Se è vero che il tempo aiuta a comprendere meglio la storia, il quarto di secolo che ci separa dalla scomparsa di Bettino Craxi può essere un tempo sufficiente per una lettura più profonda di ciò che fu quella stagione per il Paese. Una stagione, certo, malinconica per l’epilogo tragico che ebbe, ma che segnò profondamente il corso della storia della Repubblica, cambiandolo per sempre.

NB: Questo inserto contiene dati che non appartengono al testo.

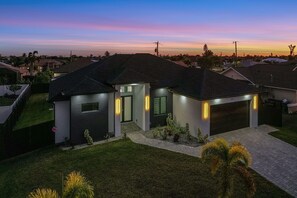 Exterior - Heated Pool, Outdoor Kitchen and Dining - Sun & Daughter - Roelens (Cape Coral)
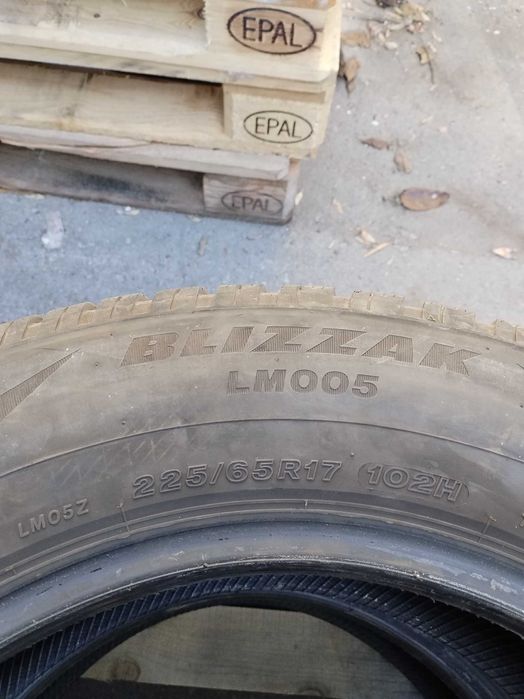 Продавам 4 бр. зимни гуми Bridgestone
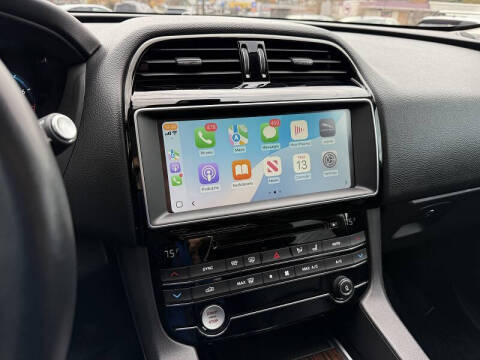 2017 Jaguar F-PACE 35t Prestige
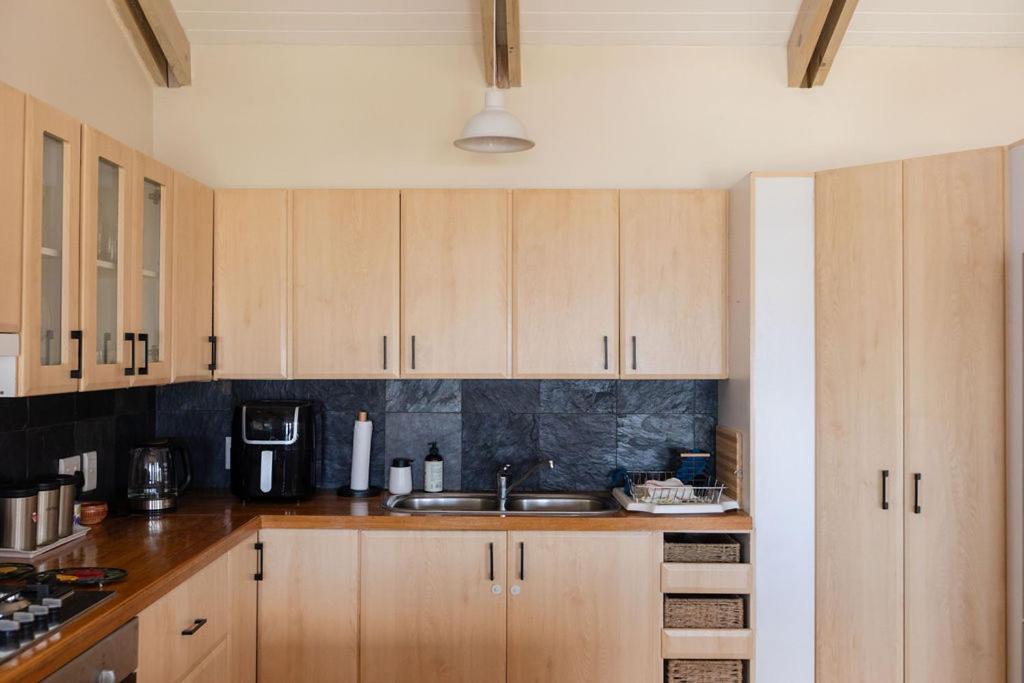 Seia Dream Offers Stunning Ocean Views, Sunny Living Spaces, Plunge Pool And Terraces Perfect For Relaxing, Walk To Simons Town, Seaforth Beach, Boulders Penguins, High Speed Internet, Smart Tv And Back Up Solar, Ideal For Families Or Remote Wo Holiday home *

A distanza di 25 anni quella storia oggi viene riscoperta da più parti. Persino da coloro che al tempo la avversarono più ferocemente. Persino da chi sventolava cappi e tirava monetine. Sul craxismo coesistono ancora oggi giudizi controversi e al contempo non definitivi. E però il craxismo rappresentò una stagione in cui fu operata una vera operazione culturale della vita politica italiana, soprattutto per la massiccia portata di cambiamenti che produsse. Il bisogno di modernizzazione profonda del paese, il ruolo internazionale, il protagonismo italiano nel mondo, l’ansia di rinnovamento socialista crearono uno choc nella società che era segnata da un ventennio di instabilità e turbolenze politiche. Anche per queste ragioni ci fu un tentativo di liquidare il craxismo e derubricarlo a questione giudiziaria, per poi cancellarne ogni traccia.

Ma veniamo all’oggi. “Io mi sento figlio di una storia”, disse Bettino Craxi ad Hammamet, poche settimane prima di morire, a uno dei giornalisti che erano lì per intervistarlo. È tutto in quelle parole il senso stesso di come Craxi, oggi, andrebbe “letto”. E cioè come uno dei principali leader della sinistra italiana ed europea (fu tra i fondatori del Pse) e l’ultimo vero leader della Prima Repubblica. L’unico ambito possibile, quello nel quale si collocò lui stesso: “Io sono uno degli uomini più di sinistra che l’Italia abbia avuto degli ultimi venti-trenta anni”, ebbe a ribadire senza esitazione. Contestare il tentativo della destra, quanto mai fantasioso, di “appropriarsi” di Craxi, è naturale per chi, come noi, è figlio naturale e non adottivo di quella storia.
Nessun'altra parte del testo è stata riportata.